PUIG DRAU A GOLPE DE PEDAL

Jornada de descanso activo con ruta BTTera por el Plà de la Calma. Montamos el portabicis y lo cargamos con una bici más de las que tocan. Nos dirigimos desde casa hasta Collformic para pasear una rato en bici por las pistas de la zona alta del Montseny.

Una vez en Collformic, nos damos cuenta de que no hemos hinchado las ruedas antes de salir de casa. El hinchador, como no, en el parking bien guardado. Menos mal de un ciclista que nos prestó una mancha minúscula, tamaño mechero, que nos permitió seguir adelante con los planes iniciales.

Unos metros en la carretera y enseguida nos ponemos a pedalear por la pista que sube al Plà de la Calma, justo detrás del restaurante.

Primer tramo entre bosque.

Enseguida conectamos con las pistas del GR5 que surcan la parte alta del cordal.

Apenas un desnivel significativo, pero sí un continuo sube y baja que se hace notar.

Nos entretenemos bastante por el camino con constantes paradas que aprovechamos para beber líquido.
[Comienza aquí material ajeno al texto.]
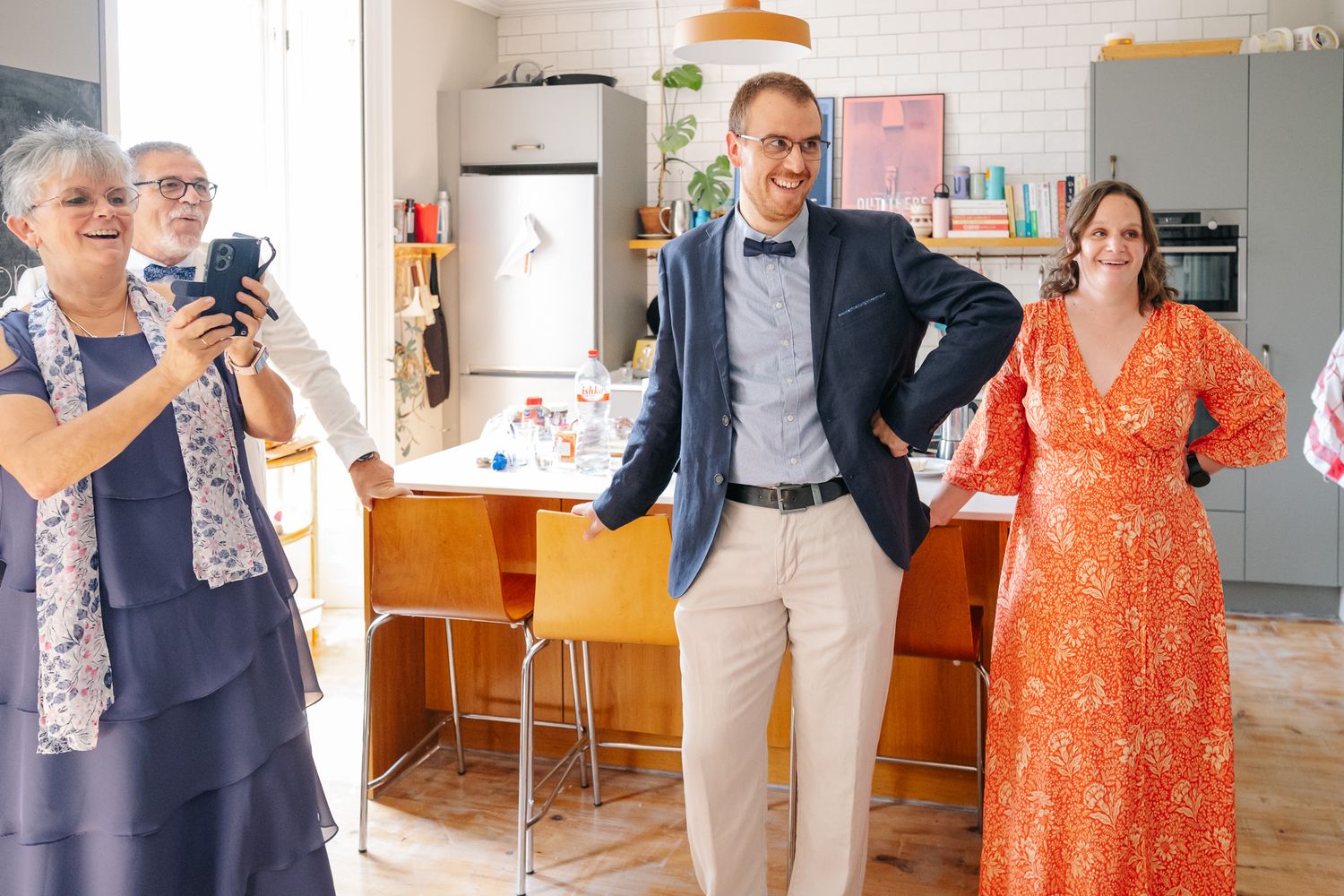 Joyful family gathering in a modern kitchen, with guests in elegant attire celebrating a special occasion.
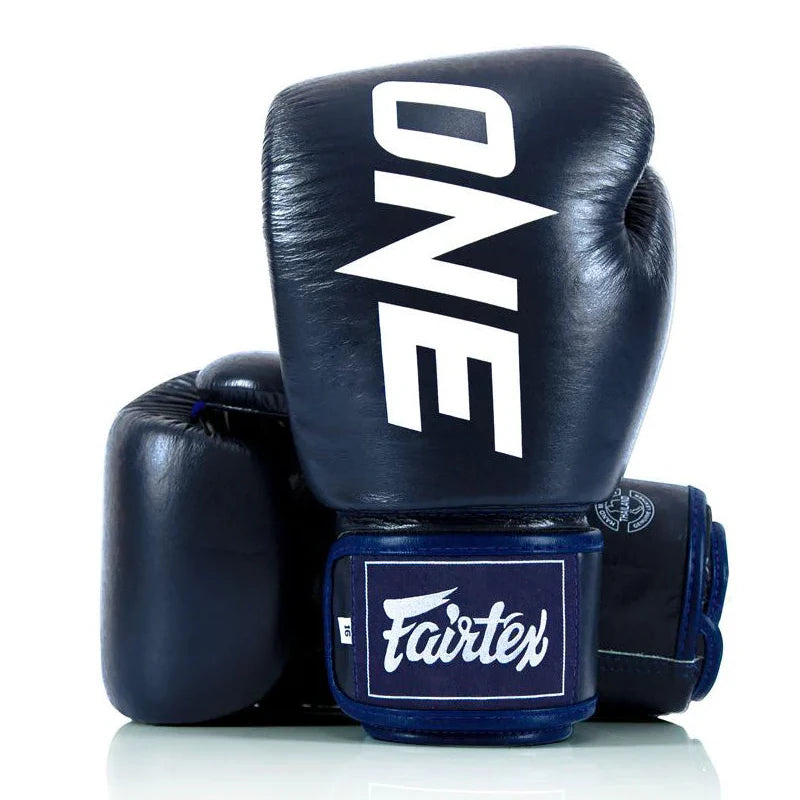 Navy boxing gloves with 'ONE' and 'Fairtex' branding on a white background
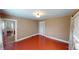 An empty bedroom featuring hardwood flooring, neutral wall paint, and a closet for storage at 319 N Ridgeview Dr, Indianapolis, IN 46219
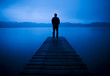 Man Standing on a Jetty by Tranquil Lake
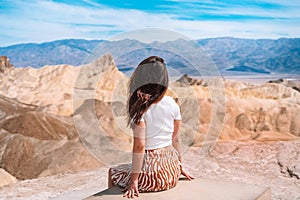 A beautiful young woman in a skirt stands in the middle of a desert landscape in Death Valley Zabriskie Point, USA.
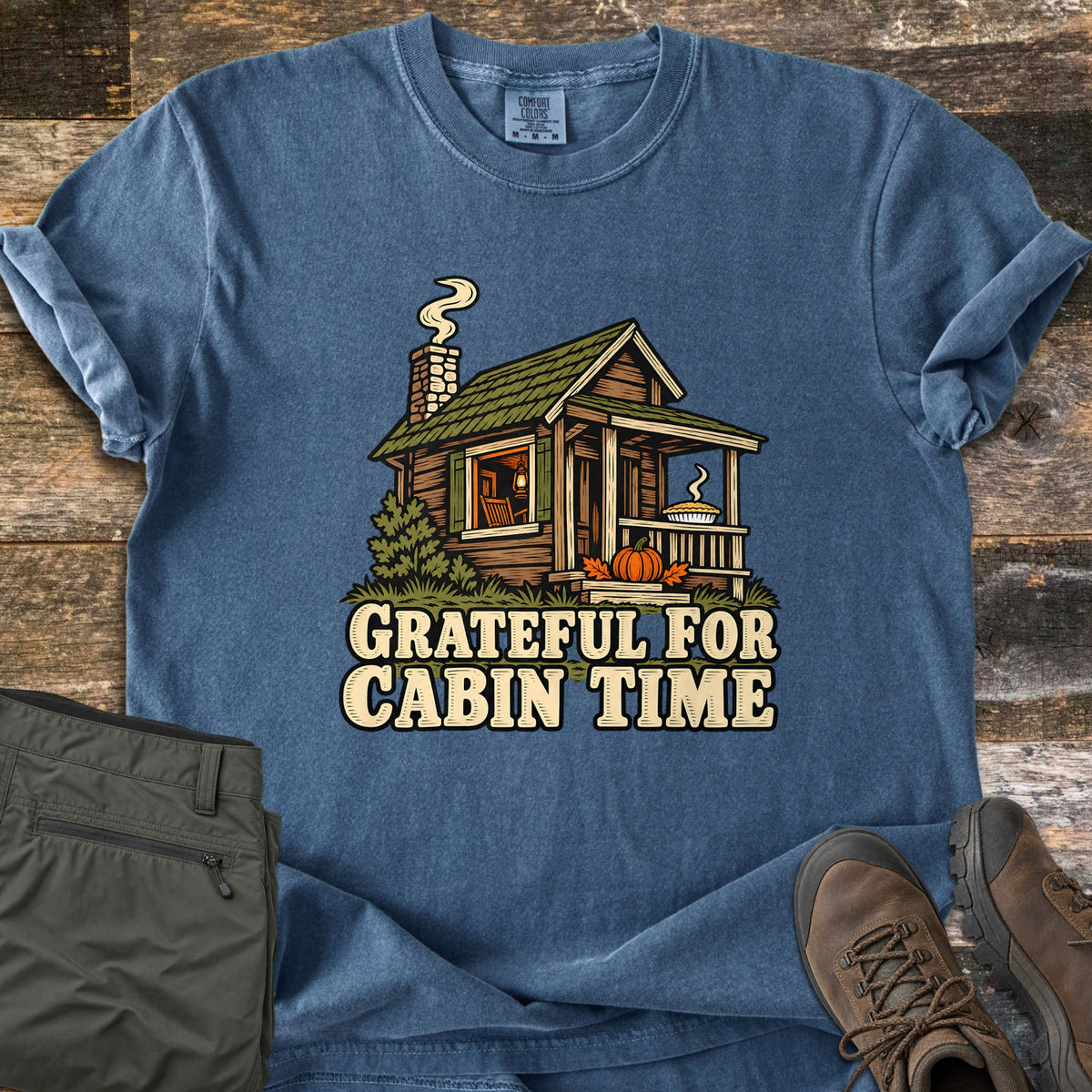 Grateful For Cabin Time Comfort Colors T-shirt in Denim, laid flat. A log cabin with a green roof, smoking stone chimney, glowing window, pie on the porch rail and a pumpkin on the steps, above the words Grateful For Cabin Time. Olive pants and brown hiking boots sit on weathered wood.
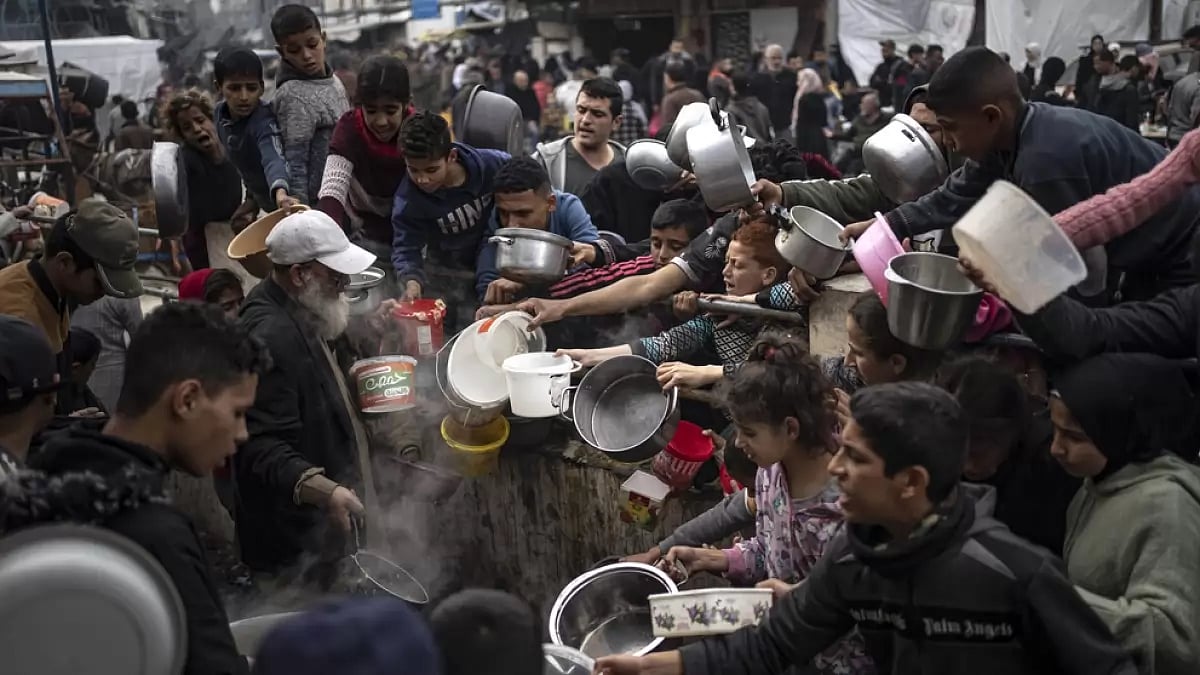 Palestinians converge for a free meal in Rafah, Gaza Strip, Thursday, Dec. 21, 2023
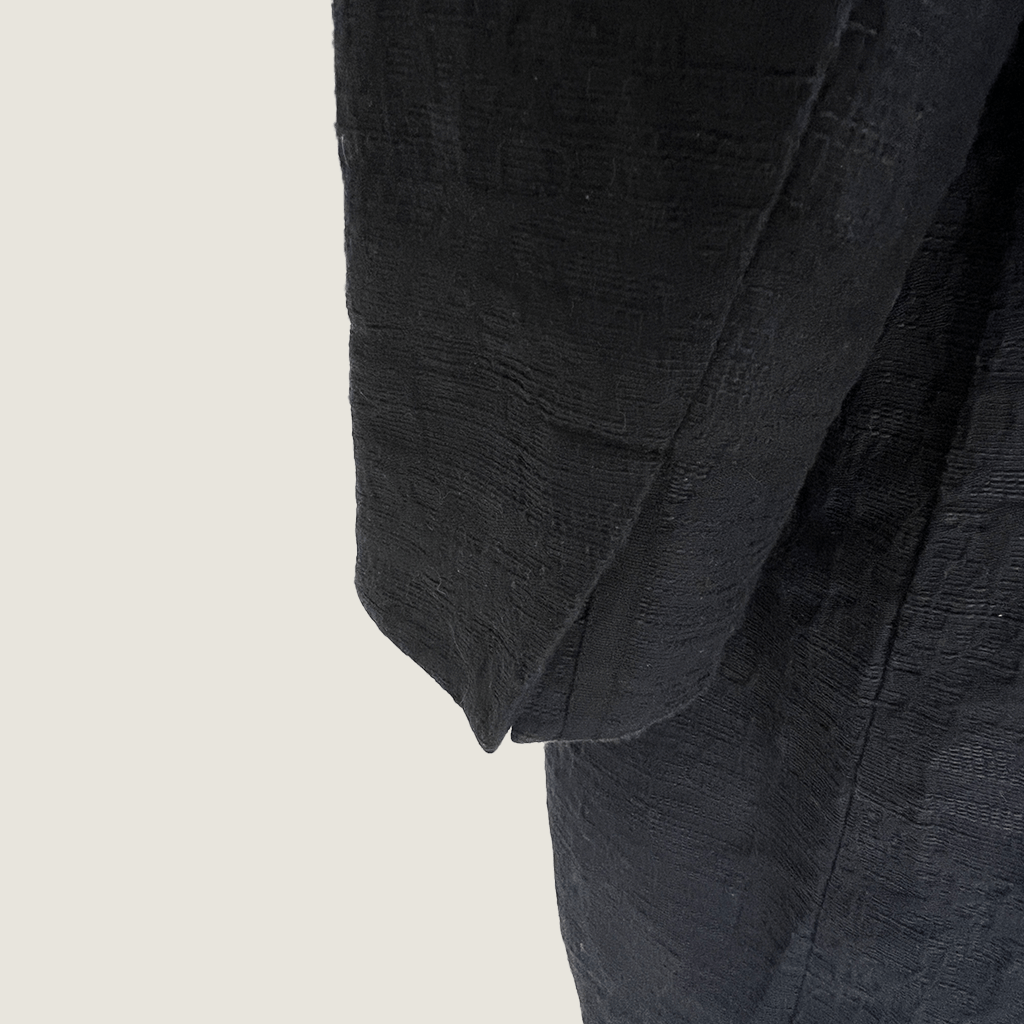 Side sleeve close up view of the Verge black collarless overcoat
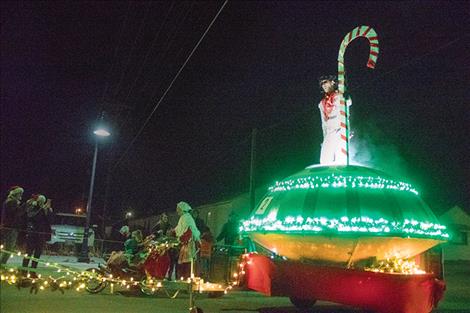 Elvis is alive as he rolls along the route atop a flying saucer, a winning entry for the Polson Running club.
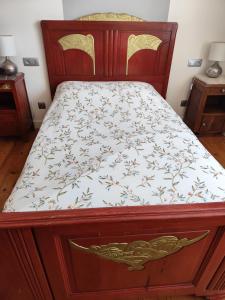 a bed with a wooden frame with a floral bedspread at Luna in La Coquille +1 photo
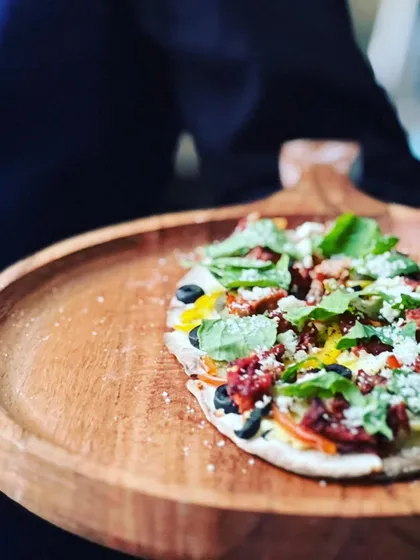 A freshly baked flatbread pizza, topped with sun-dried tomatoes, olives, and fresh basil, served on a rustic wooden board.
No hace excesivo calor, pero se nota que es agosto.

Kepa montado en una Giant Hurricane que tiene casi 20 años.

Nos decidimos, visto el nivel del grupo, por la sencilla y cercana cima del Puig Drau; apenas 6,5 km desde Collformic.

La gran beneficiada de que lleguemos por fin a destino es Irene que puede salir de la sillita y corretear un poco por el monte.

Foto de cima a 1344 metros de altitud.

Un regreso algo accidentado con caídas y cadenas salidas, nos confirma que tenemos más madera de montañeros que de ciclistas. Aún así, lo hemos conseguido. Hemos vencido al gigante Drau que se despide de nosotros mientras conduzco de nuevo por las carreteras que bajan del Montseny.


3 comentaris:

Kepa ha dit...

Marc me dejó su bicicleta de la adolescencia, una Giant modelo Hurricane. Un pedazo de cacho de trozo de hierro que pesaba un quintal, sin suspensión, ni delantera ni trasera, con cambios desincronizados y frenos de no disco. Una pasada de bici, de hombres, y no de esas que están llenas de chuminadas. Vamos, una bici para recios, de las de toda la puta vida. Yo, como no tenía casco de bicicleta, me puse uno de escalada. Todo un espectáculo.

Kurkudi ha dit...

A Irene le pasa como a Haizea q el casco se le cae sobre los ojos y no sabe x donde va... pobres...

Ilargibetea ha dit...

Que bueno, eso es una bici!! esas no se rompían ni daban ningún problema!